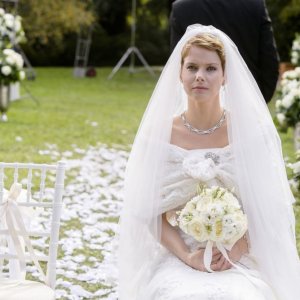 Un matrimonio da favola: Andrea Osvart in una scena del film con il suo splendido abito da sposa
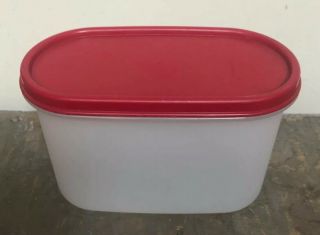 Tupperware 1612 Oval Modular Mate With Red Lid 4 ¾ Cups Or 1.  1 Liter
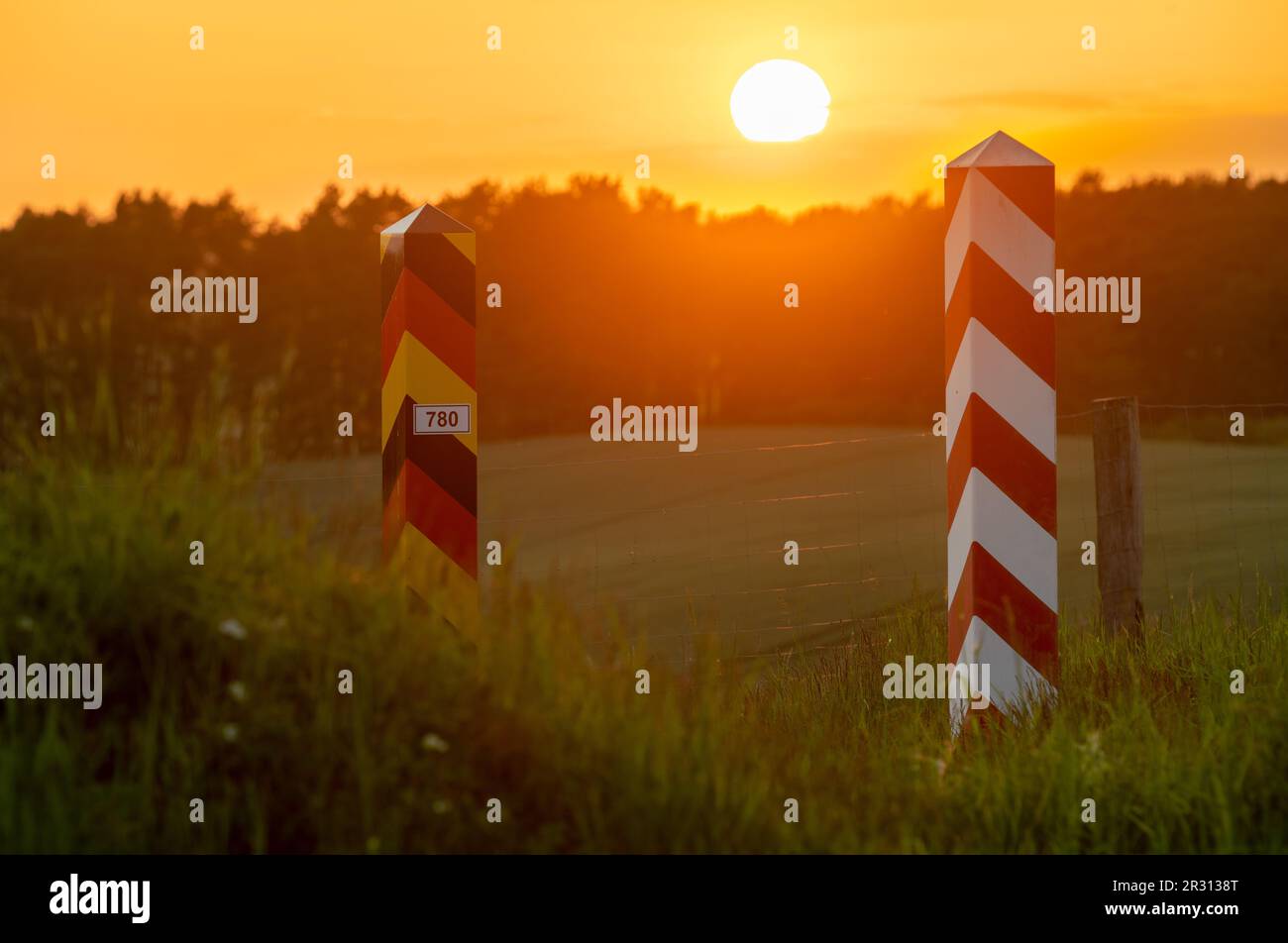 Border posts on the Polish-German border Stock Photo - Alamy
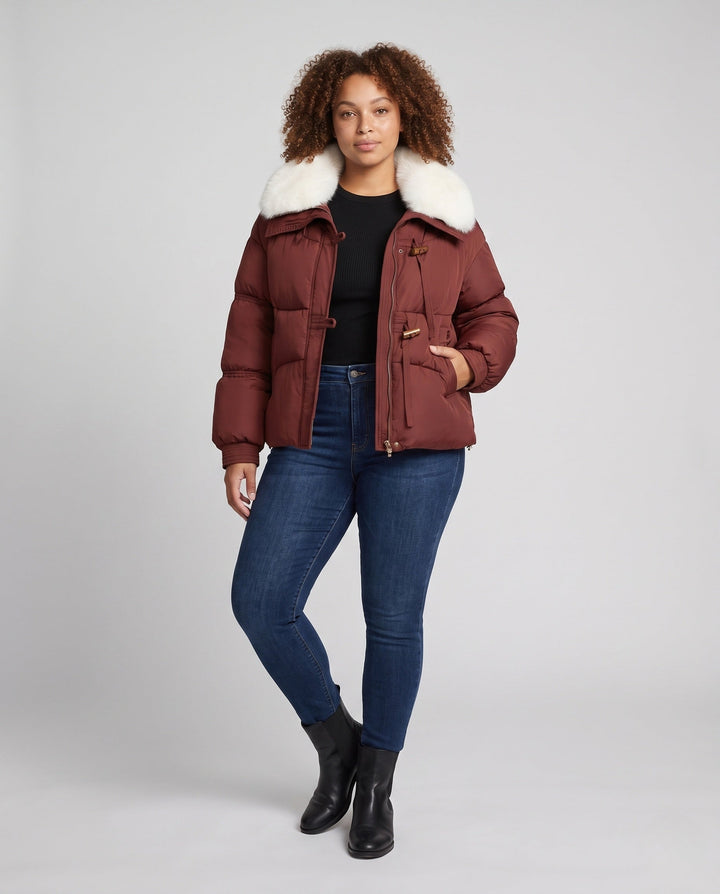Dam Kort Quiltad Vinter Kort Parka med Mjuk Faux Fur Krage och Toggle Fastenings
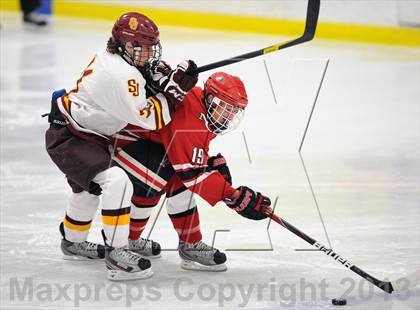 Thumbnail 3 in St. Joseph vs. New Canaan (FCIAC Semifinal) photogallery.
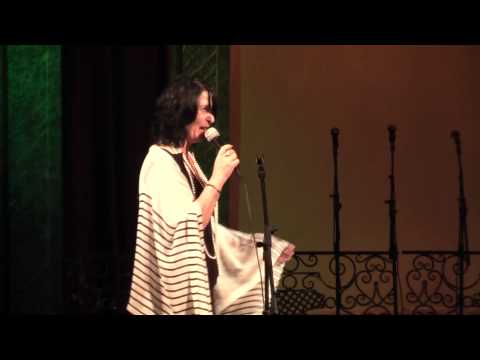 პოეტი ლია ნაროუშვილი ,,კოლხური ტრიოს'' საიუბილეო საღამოზე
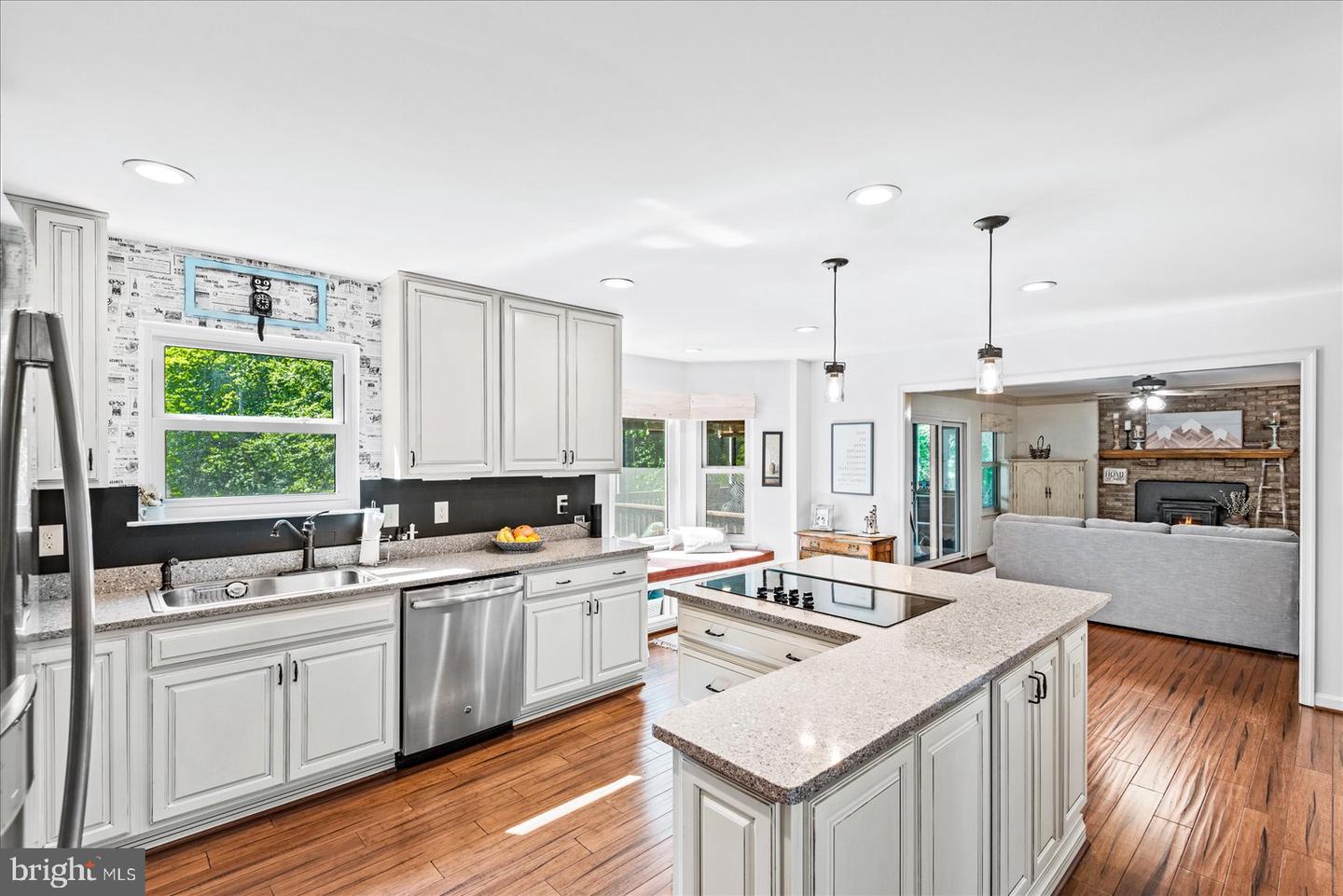 44 Indian Point ROAD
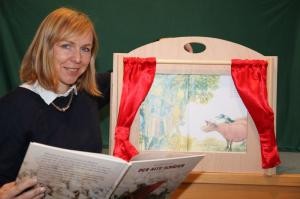 Bilderbuchkino im Kamishibai mit Frau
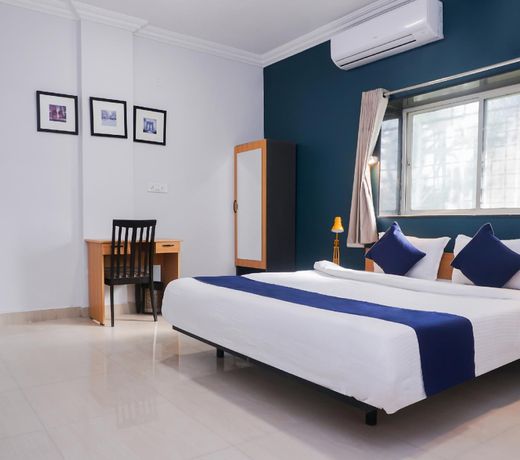 SilverKey Executive Stays 77140 Vishrantwadi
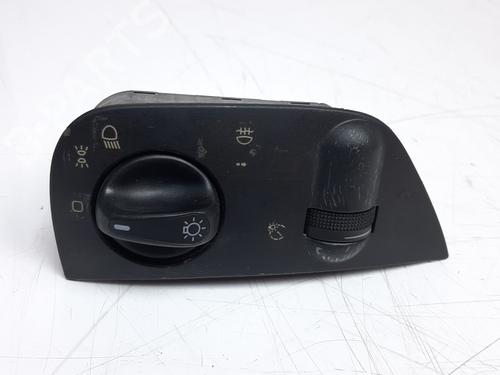 Headlight switch SEAT IBIZA II (6K1) 1.4 i (60 hp) 15991347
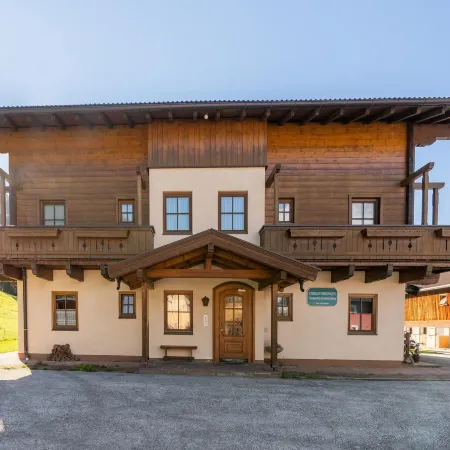Chalet in Mittersill Near Ski Slopes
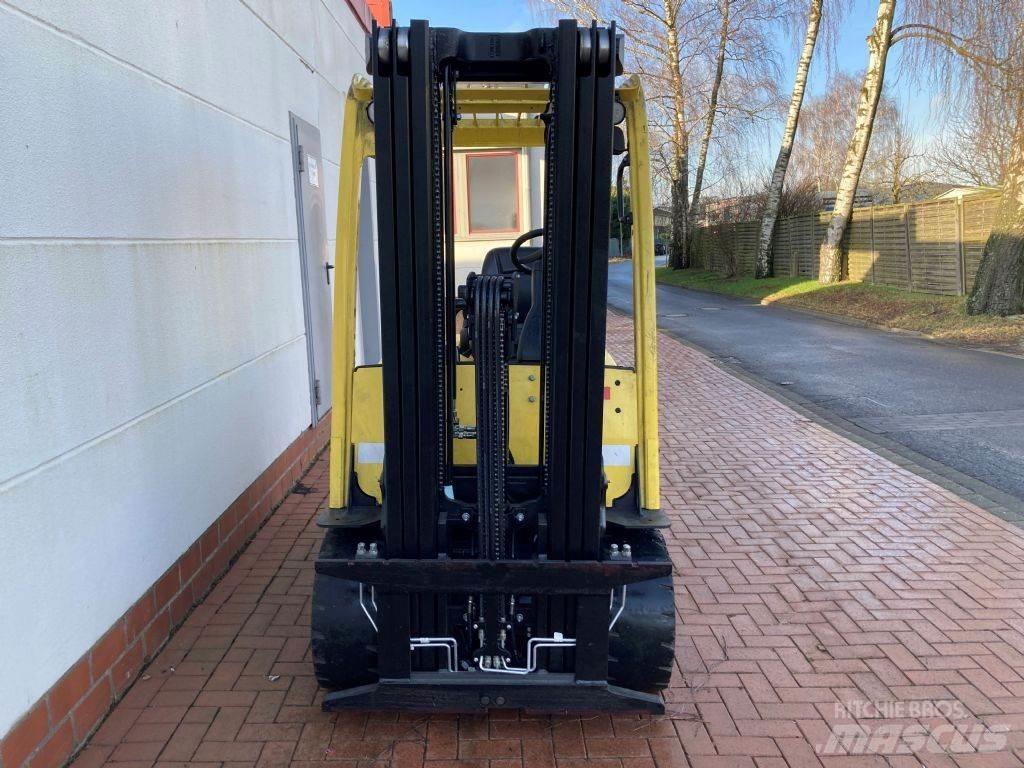 Hyster J 3.0 XN Electric Forklifts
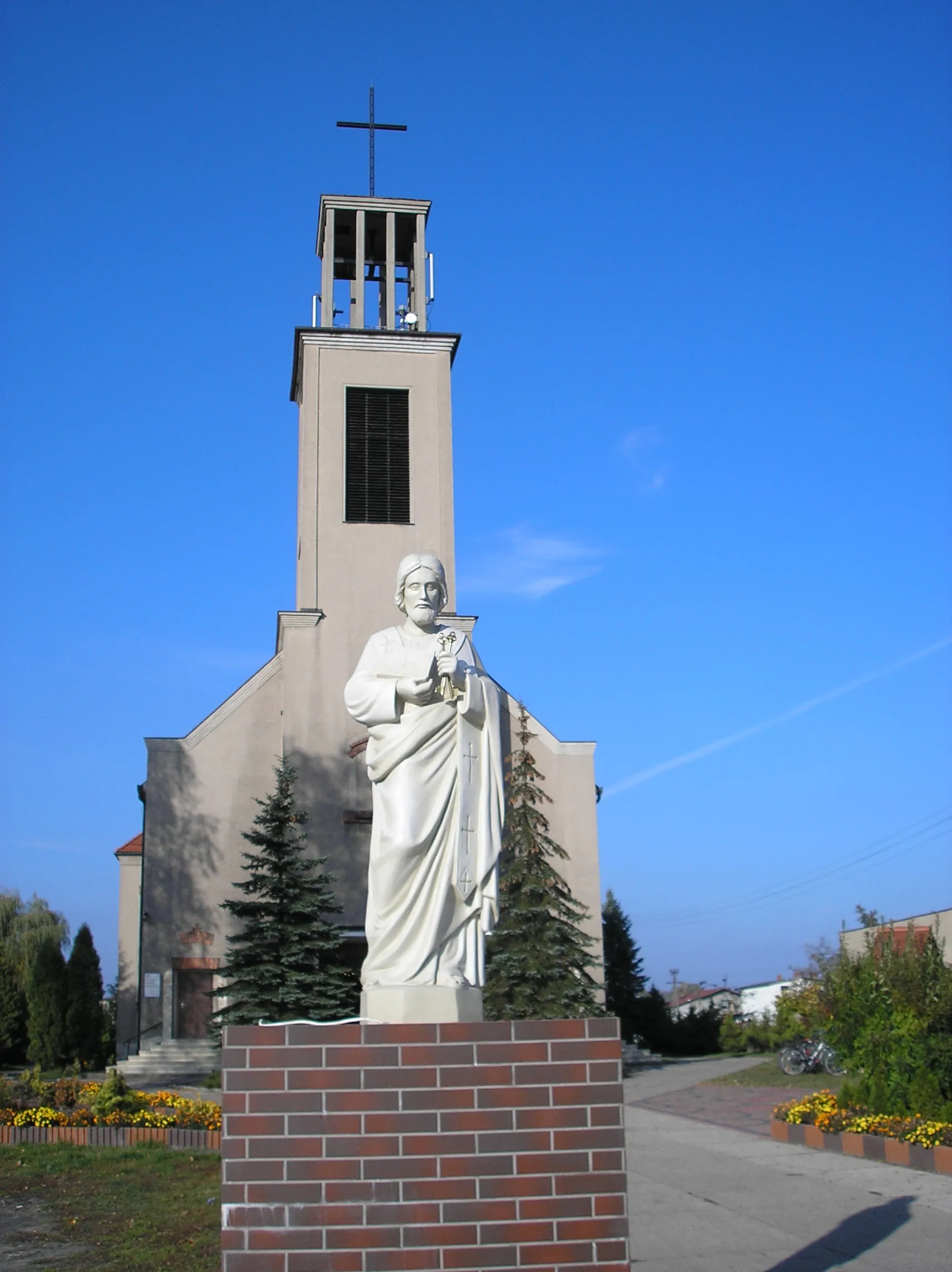 Photo showing: Kościół Św.Krzyża w Strzebiniu
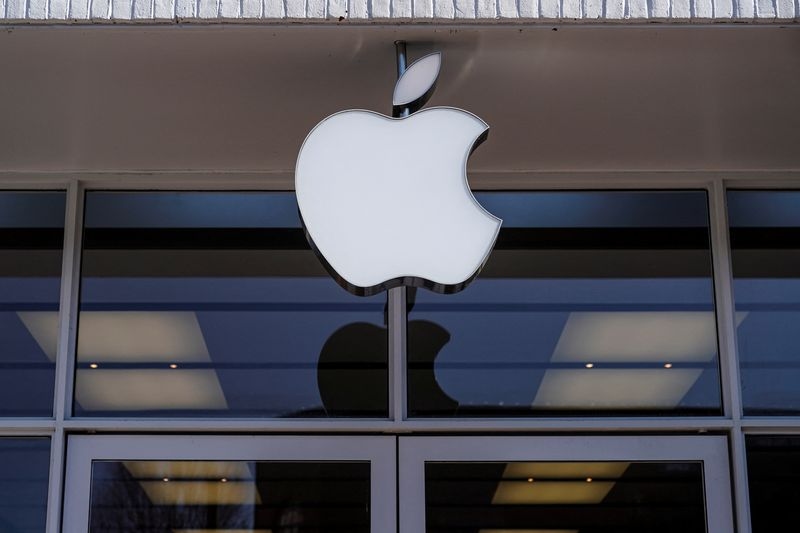 Apple to pledge $100 billion for US manufacturing, White House official says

* * *

- Task description
From the line containing "Hyster J 3.0 XN Electric Forklifts" to the end of the listing, restate each line word for word and nothing more; the pictures stay out.

- Result of this exercise
 Hyster J 3.0 XN Electric Forklifts
 Photo showing: Kościół Św.Krzyża w Strzebiniu
 Apple to pledge $100 billion for US manufacturing, White House official says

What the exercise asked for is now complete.